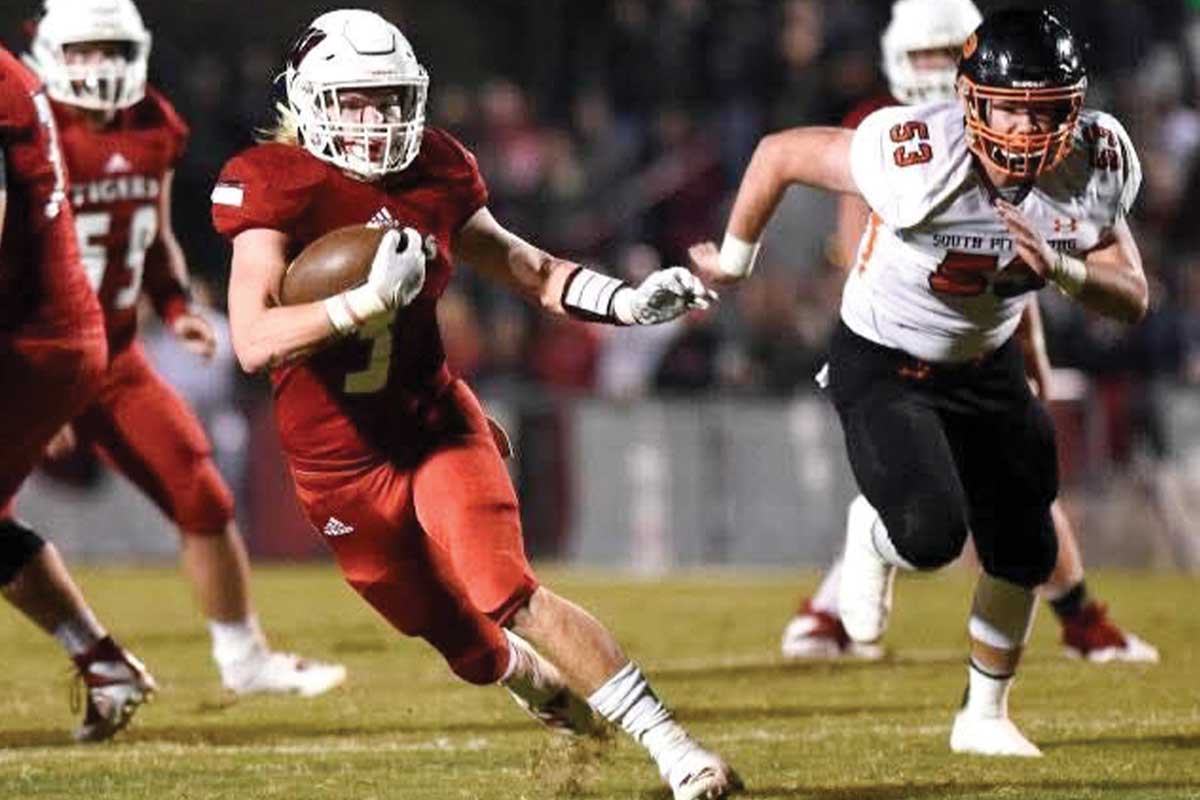 Football player running with ball.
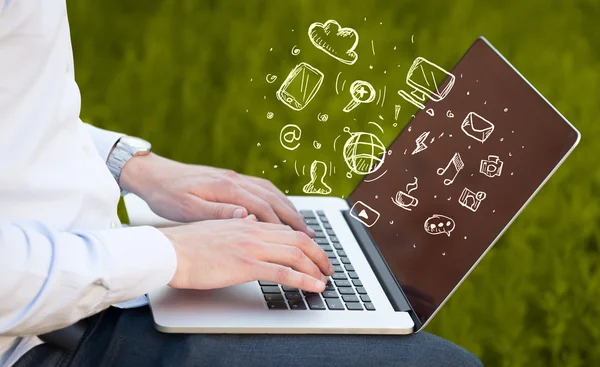 Hand writing on notebook computer with media icons — Stock Photo, Image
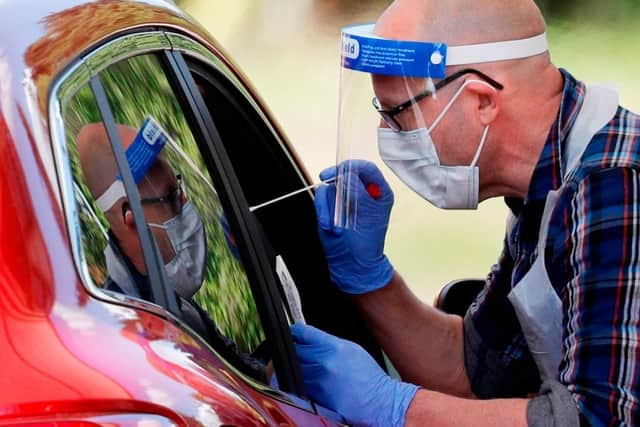 Only those with symptoms should arrange to have a test carried out (Photo: ADRIAN DENNIS/AFP via Getty Images)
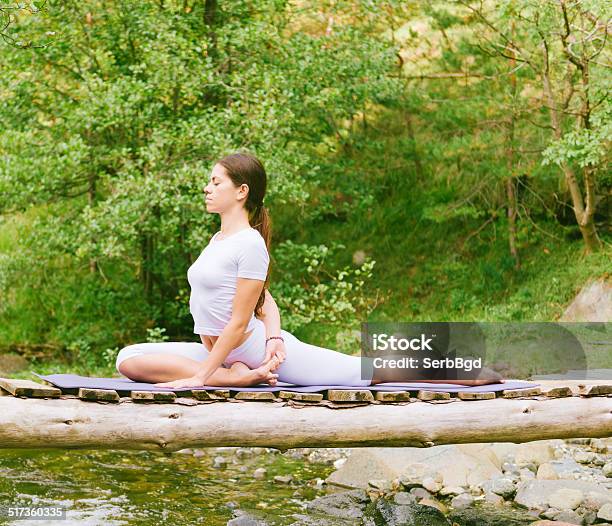 Woman Doing Yoga In Nature Stock Photo - Download Image Now - Adult, Adults Only, Balance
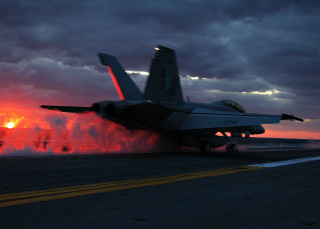 Jet spraying water runway sunset - a jet free wallpaper
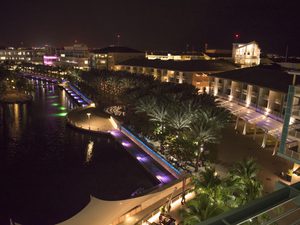 Drone shot of Camana Bay lit up at night
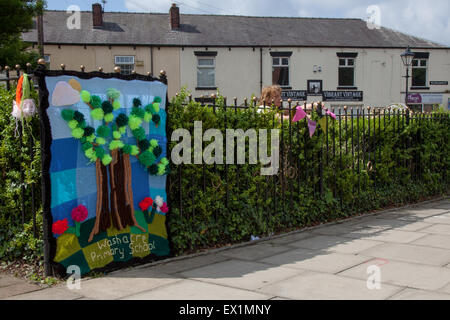 Westhoughton, Lancashire, Regno Unito 4 Luglio, 2015 Filati Festival di bombardamenti. Gruppo WCN, Rainbow mestieri, è portato a Dumfries in una festa di colori e di comunità e di intrattenimento. Da sempre giovani e vecchi, uomini e donne, esperti e il debuttante needlers coinvolto in a crochet, tessitura a maglia o a telaio piazze, lunghe strisce o rivestimenti a produrre arredamento di strada un impressionante e Curiose installazioni, il centro della città per un paio di giorni è inondato con colore. Cernan Elias/Alamy Live News Foto Stock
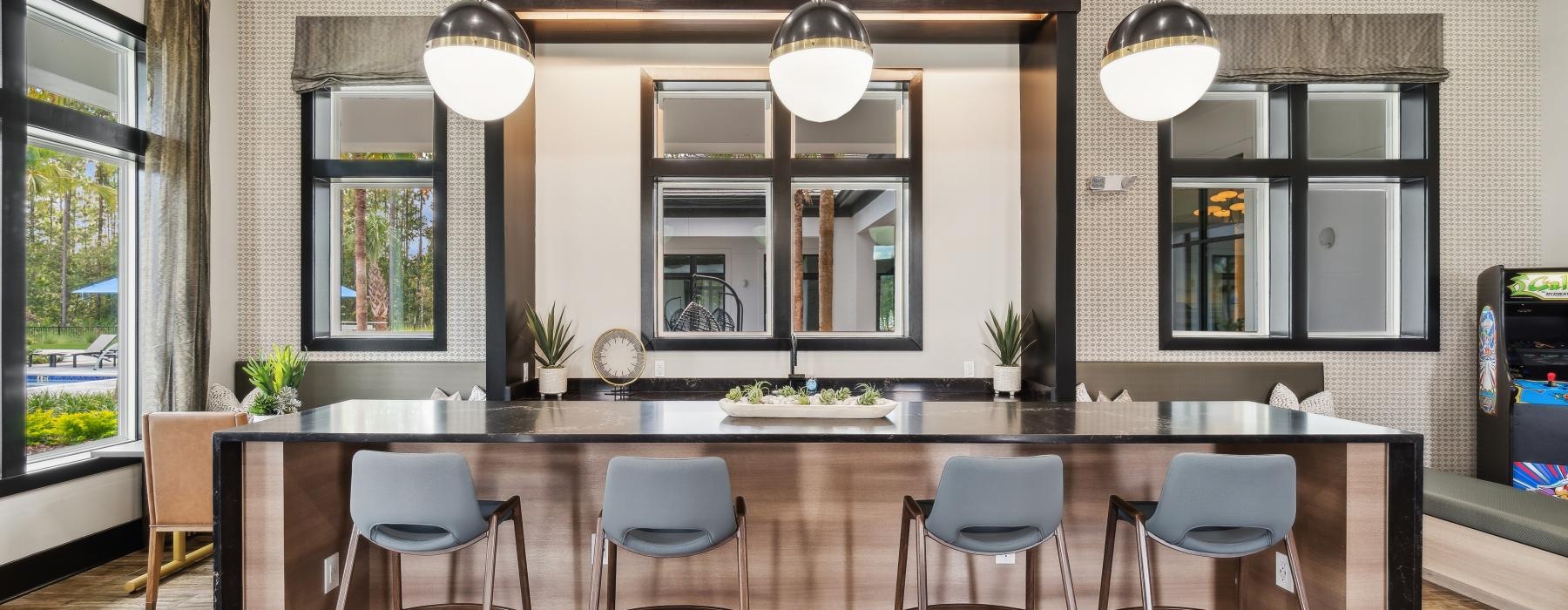 a kitchen with a bar and chairs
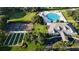 Aerial view showcasing community amenities: pool, clubhouse, tennis and pickleball courts, and well-maintained landscaping at 4638 Destrehan, Leesburg, FL 34748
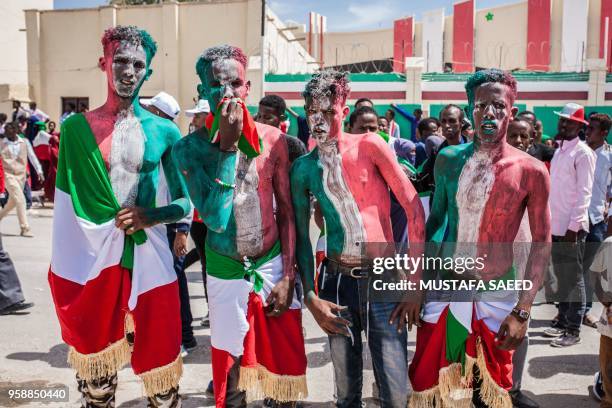 Men painted in colours of Somaliland's flag take part in celebrations of the 27th anniversary of self-declared independence of Somaliland in...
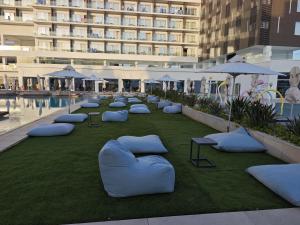 a row of pillows on a lawn in front of a building at Chrysomare Beach Hotel & Resort in Ayia Napa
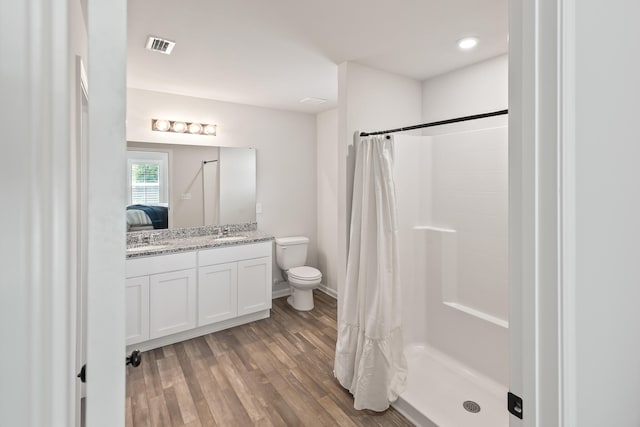 bathroom with toilet, hardwood / wood-style floors, vanity, and curtained shower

###

> [What you should do] Please leave out the pictures while you copy exactly the lines from the one containing "Jet spraying water" through the end of the records.

> [Solved problem]
 Jet spraying water runway sunset - a jet free wallpaper
 Drone shot of Camana Bay lit up at night
 Westhoughton, Lancashire, Regno Unito 4 Luglio, 2015 Filati Festival di bombardamenti. Gruppo WCN, Rainbow mestieri, è portato a Dumfries in una festa di colori e di comunità e di intrattenimento. Da sempre giovani e vecchi, uomini e donne, esperti e il debuttante needlers coinvolto in a crochet, tessitura a maglia o a telaio piazze, lunghe strisce o rivestimenti a produrre arredamento di strada un impressionante e Curiose installazioni, il centro della città per un paio di giorni è inondato con colore. Cernan Elias/Alamy Live News Foto Stock
 a kitchen with a bar and chairs
 Aerial view showcasing community amenities: pool, clubhouse, tennis and pickleball courts, and well-maintained landscaping at 4638 Destrehan, Leesburg, FL 34748
 Men painted in colours of Somaliland's flag take part in celebrations of the 27th anniversary of self-declared independence of Somaliland in...
 a row of pillows on a lawn in front of a building at Chrysomare Beach Hotel & Resort in Ayia Napa
 bathroom with toilet, hardwood / wood-style floors, vanity, and curtained shower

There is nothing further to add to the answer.